** TASK INPUT **
• • • • •

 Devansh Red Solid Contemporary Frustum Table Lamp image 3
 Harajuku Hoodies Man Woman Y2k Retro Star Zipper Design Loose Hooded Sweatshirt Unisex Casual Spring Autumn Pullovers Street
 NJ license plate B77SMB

• • • • •

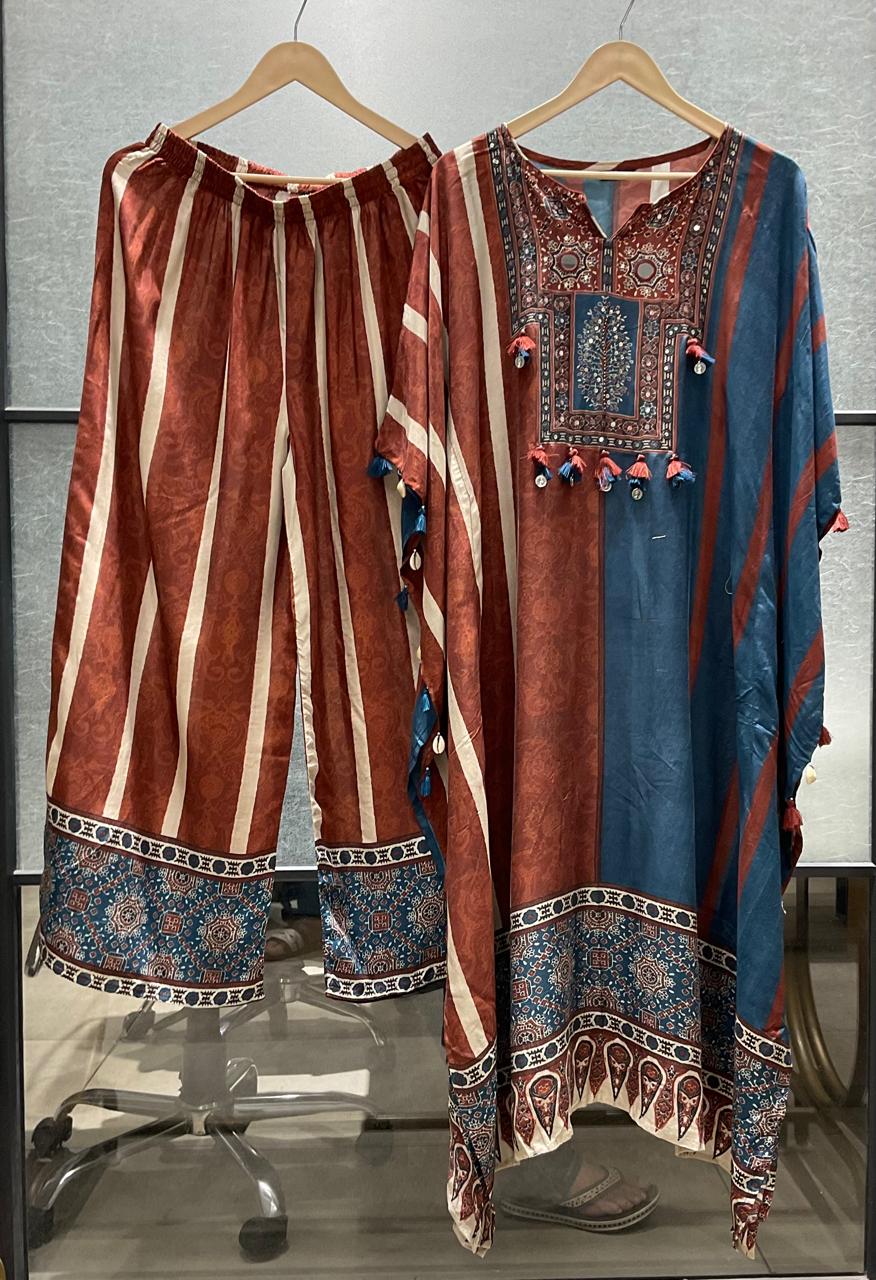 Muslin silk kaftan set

• • • • •

** TO DO **
Above are records; repeat only the lines starting at the line with "Devansh Red Solid" and ending at the line with "NJ license plate B77SMB", exactly as they appear, both included.

** ANSWER TO THE EXERCISE **
 Devansh Red Solid Contemporary Frustum Table Lamp image 3
 Harajuku Hoodies Man Woman Y2k Retro Star Zipper Design Loose Hooded Sweatshirt Unisex Casual Spring Autumn Pullovers Street
 NJ license plate B77SMB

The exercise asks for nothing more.